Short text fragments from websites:

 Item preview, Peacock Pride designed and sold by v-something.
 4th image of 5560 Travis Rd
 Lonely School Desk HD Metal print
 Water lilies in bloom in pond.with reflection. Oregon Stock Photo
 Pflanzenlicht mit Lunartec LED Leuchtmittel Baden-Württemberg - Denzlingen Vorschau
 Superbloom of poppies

* * *

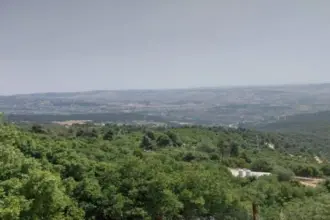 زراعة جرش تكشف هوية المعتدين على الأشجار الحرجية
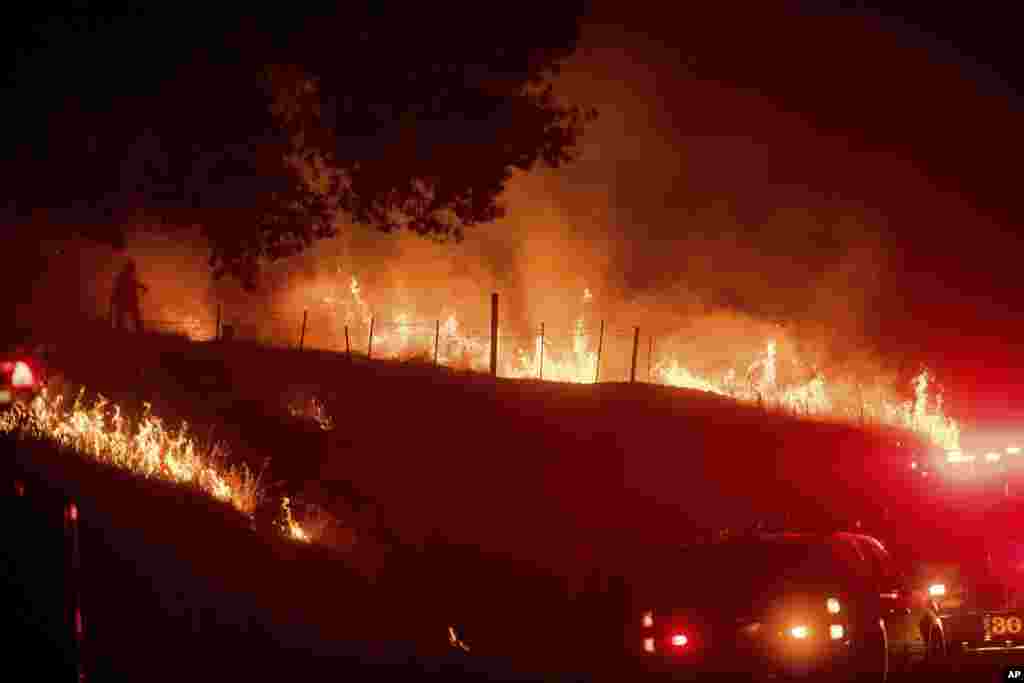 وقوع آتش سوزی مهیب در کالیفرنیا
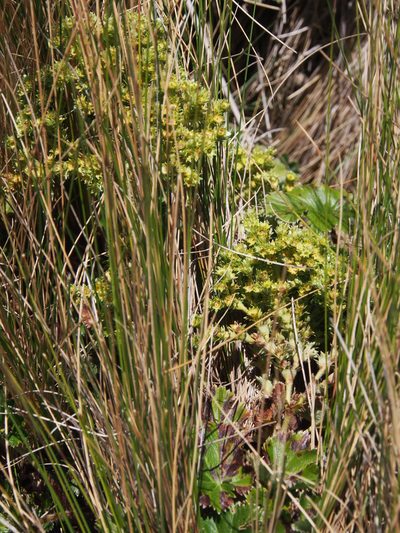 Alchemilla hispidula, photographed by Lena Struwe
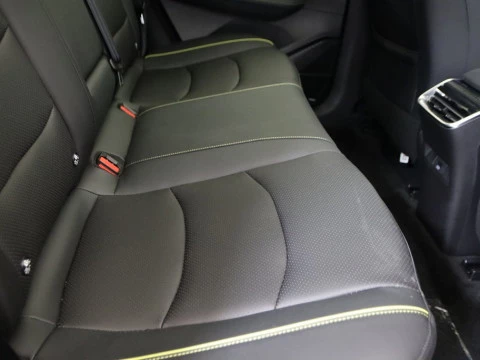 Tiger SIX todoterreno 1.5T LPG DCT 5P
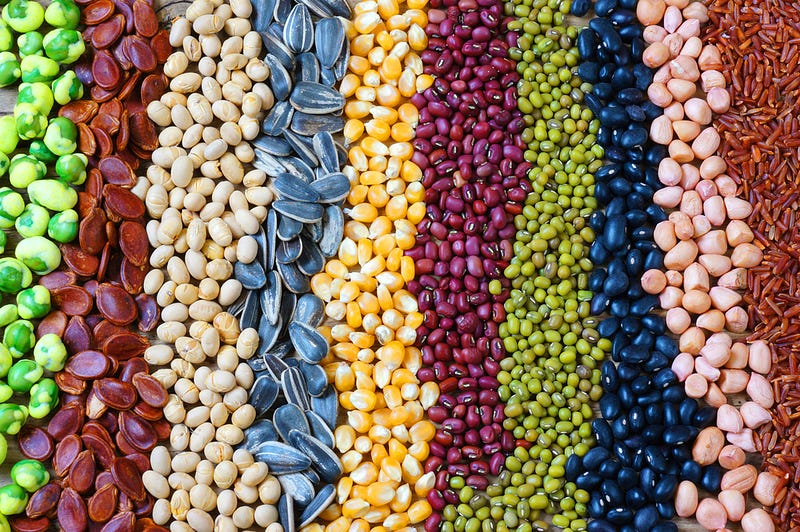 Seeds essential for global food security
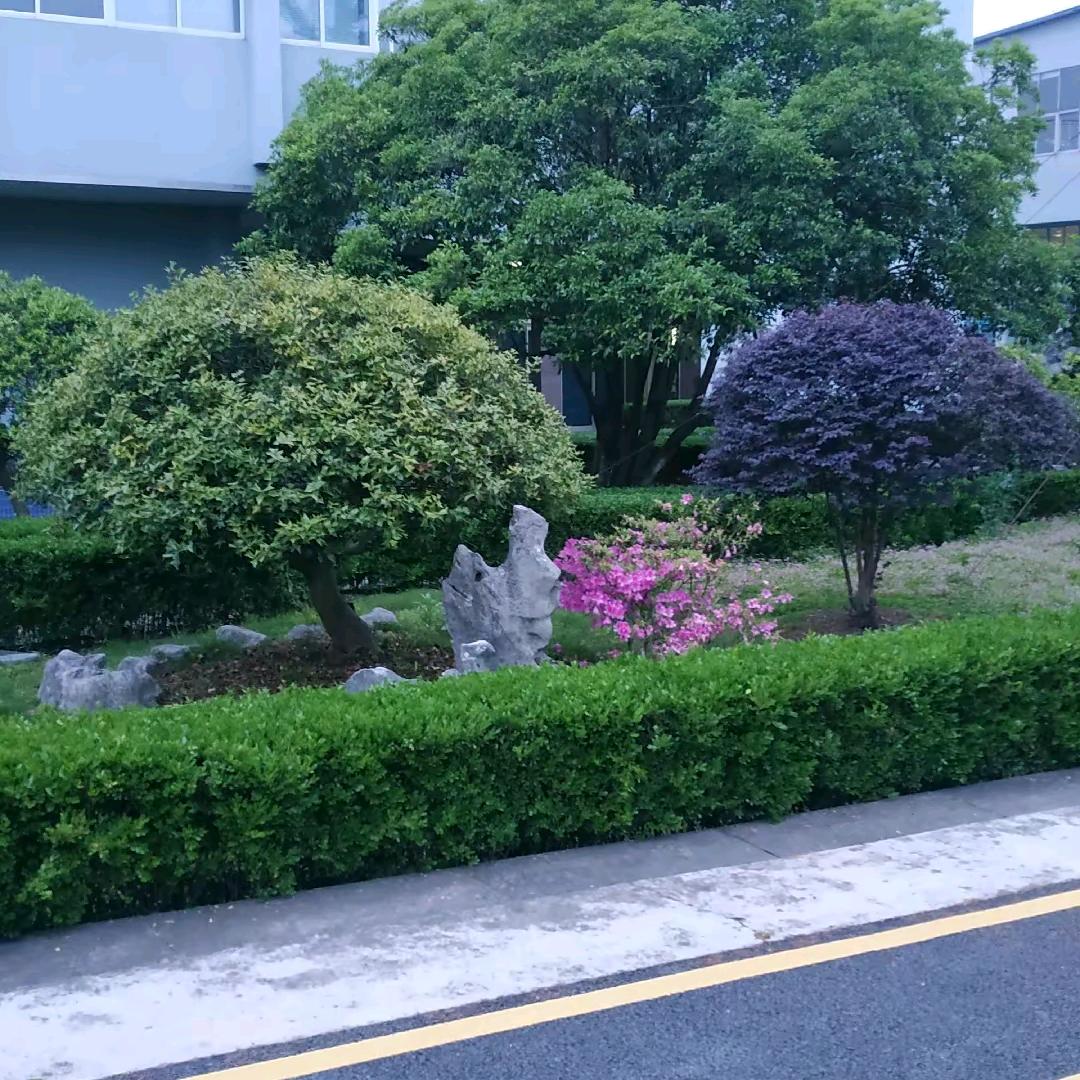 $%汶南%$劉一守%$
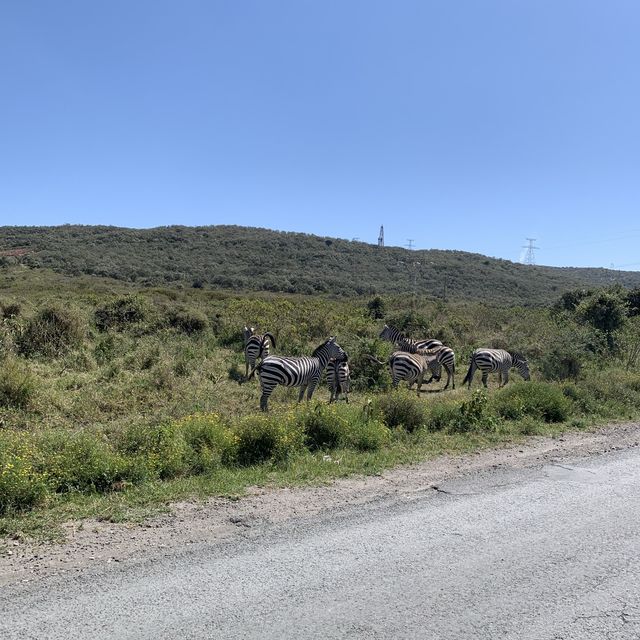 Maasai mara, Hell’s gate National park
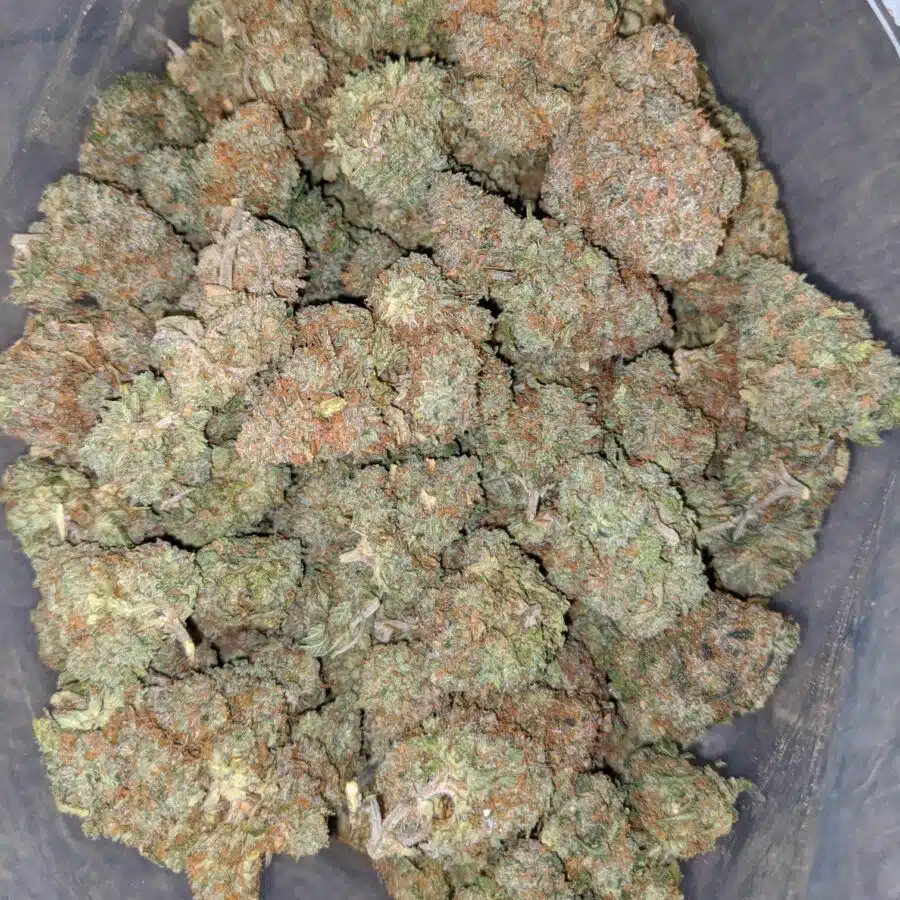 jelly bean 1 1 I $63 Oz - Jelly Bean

**TASK DESCRIPTION**
In the entries above, find the line holding "Water lilies in" and the line holding "Superbloom of poppies"; print both of them and every line between, exactly, and nothing else.

**OUTPUT FOR THIS TASK**
 Water lilies in bloom in pond.with reflection. Oregon Stock Photo
 Pflanzenlicht mit Lunartec LED Leuchtmittel Baden-Württemberg - Denzlingen Vorschau
 Superbloom of poppies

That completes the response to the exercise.